━━━ Stored data

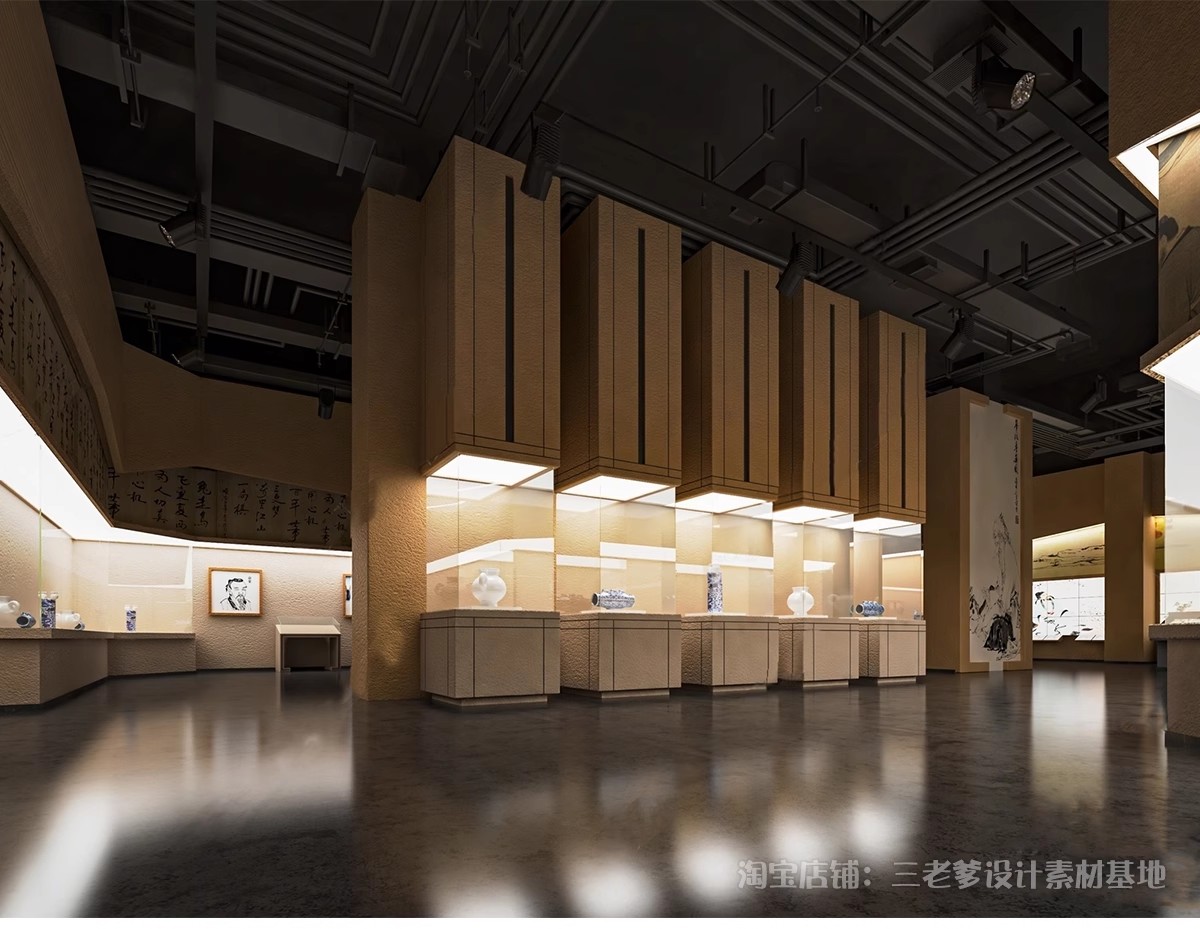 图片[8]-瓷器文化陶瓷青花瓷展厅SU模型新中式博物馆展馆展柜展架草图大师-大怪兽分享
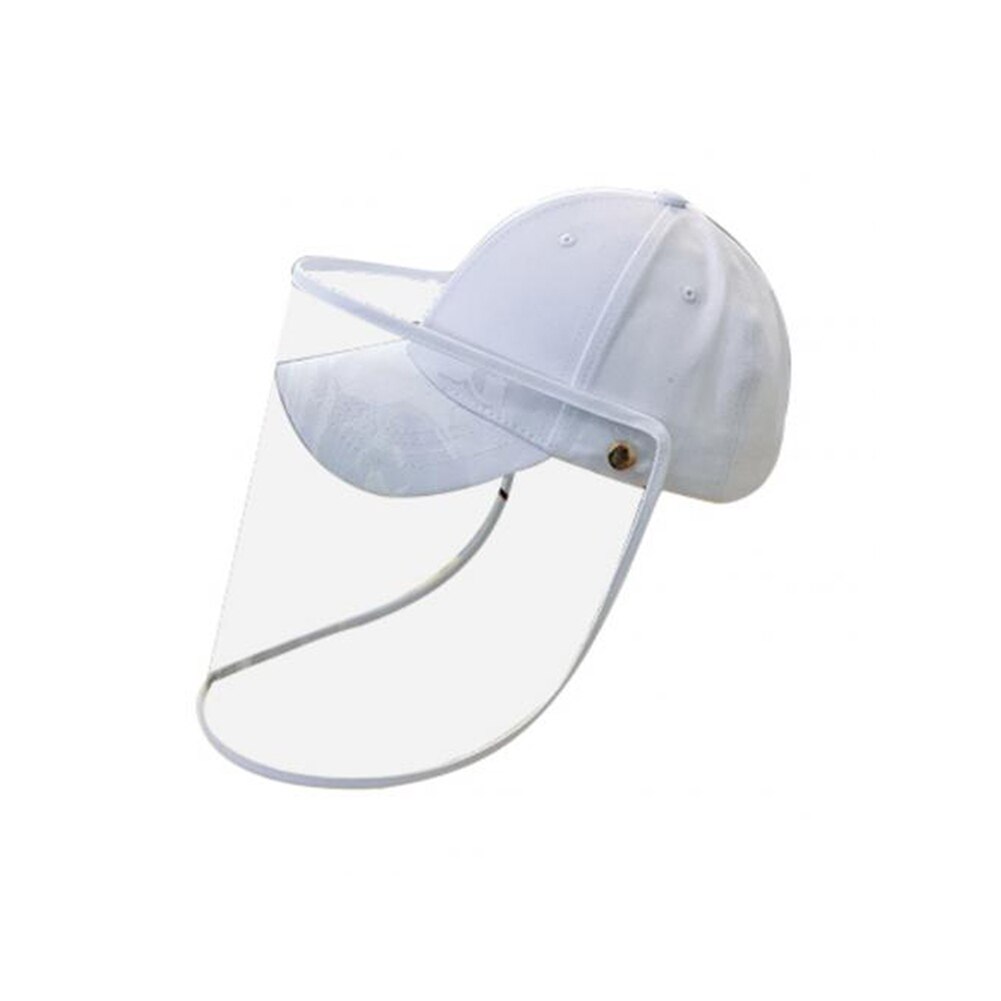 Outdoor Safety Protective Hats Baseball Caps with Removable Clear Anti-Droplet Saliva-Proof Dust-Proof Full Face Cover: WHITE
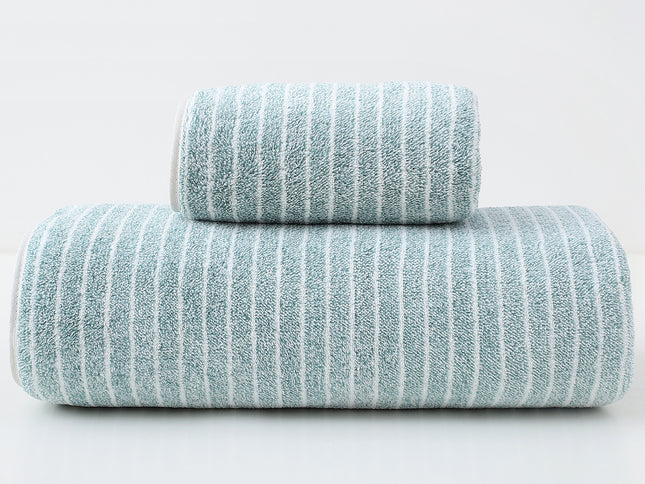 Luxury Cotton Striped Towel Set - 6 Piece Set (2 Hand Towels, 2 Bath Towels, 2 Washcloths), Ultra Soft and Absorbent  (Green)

━━━━━━

_What needs to be done_.
Retype only the lines from the line with "Outdoor Safety Protective" through the last line of the data. Keep both ends and skip the pictures.

_Written answer_.
 Outdoor Safety Protective Hats Baseball Caps with Removable Clear Anti-Droplet Saliva-Proof Dust-Proof Full Face Cover: WHITE
 Luxury Cotton Striped Towel Set - 6 Piece Set (2 Hand Towels, 2 Bath Towels, 2 Washcloths), Ultra Soft and Absorbent  (Green)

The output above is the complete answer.